Le Laboratoire de la République : Des mesures de protection, notamment sur les réseaux sociaux, permettraient-elles selon vous de réduire la portée de ce type de harcèlement ?
Rudy Reichstadt : Je pense qu’il est de notre responsabilité collective de contraindre les plateformes de réseaux sociaux à prendre leur responsabilité, c’est-à-dire à faire respecter notre loi commune. Il n’y aura aucune amélioration significative de la situation tant que nous ne serons pas déterminés à réguler démocratiquement l’espace numérique. L’approche libertarienne d’un Elon Musk, qui a pris le contrôle de Twitter en octobre dernier, est une hypocrisie sans nom : d’abord parce que, sous couvert de liberté d’expression, Musk a introduit un régime proprement censitaire où les utilisateurs certifiés, qui s’acquittent d’un abonnement d’une dizaine d’euros par mois, bénéficient d’une prime de visibilité algorithmique et de la possibilité de publier des messages plus longs que les autres. Etrange conception de la liberté qui consiste à en donner plus à ceux qui paient, le tout pour financer une plateforme qui ne remplit pas ses missions de régulation des contenus délictueux. Le libertarianisme de Musk repose sur une conception de la liberté d’expression indexée sur celle du Premier amendement de la Constitution des Etats-Unis qui, jusqu’à nouvel ordre, n’est pas la nôtre. Il est navrant de voir qu’elle trouve des alliés objectifs chez les tenants de l’approche utopiste, libertaire, d’un Internet non régulé où les lois qui prévalent hors ligne ne s’appliqueraient pas. Il n’y a aucune raison pour que l’espace numérique soit une zone de non-droit.
Le Laboratoire de la République : Une étude sur le complotisme conduite par l’IFOP pour le site AMB-USA.fr a été publiée récemment. Elle révèle notamment que de nombreux Français, 35 %, déclarent « croire aux théories du complot ». Est-on à l’abri d’une incidence de ces phénomènes dans la vie politique nationale, à l’image des succès du trumpisme ?

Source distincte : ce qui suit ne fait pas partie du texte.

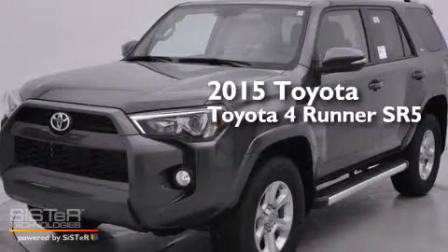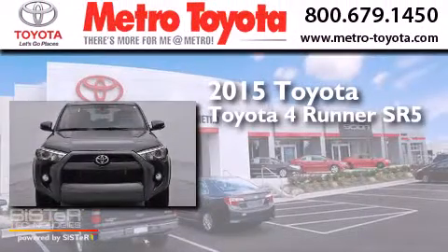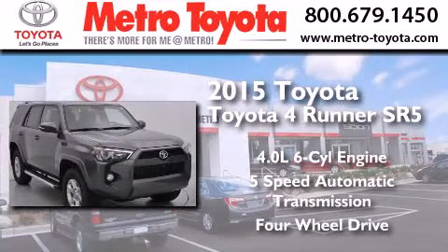This is a brand new 2015 Toyota 4Runner SR5. It has a 4.0 liter 6-cylinder engine, a 5-speed automatic transmission, and the added safety and control of 4-wheel drive.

Rudy Reichstadt : Les incidences de la banalisation de cet imaginaire complotiste, nous en avons déjà des illustrations quotidiennes, aussi bien dans la sphère politique, où l’heure est à l’hystérisation du débat public et à la conflictualisation tous azimuts, que dans les médias ou le monde académique. Parce qu’il s’agit d’un discours profondément manichéen, qui arase toute complexité et flatte notre paresse intellectuelle, le complotisme accompagne le populisme comme la nuée l’orage. Il jette le discrédit sur les élites en général et conteste la division du travail sans laquelle nos sociétés complexes modernes ne pourraient fonctionner. De plus en plus de gens s’improvisent tour à tour juges, détectives, historiens, climatologues ou virologues. Il y a là une forme d’anti-intellectualisme qui va de pair avec l’essor d’un analphabétisme politique et historique, notamment chez les jeunes générations, peut-être moins armées que celles qui les précédaient face à la séduction des pseudo-sciences et des croyances infondées.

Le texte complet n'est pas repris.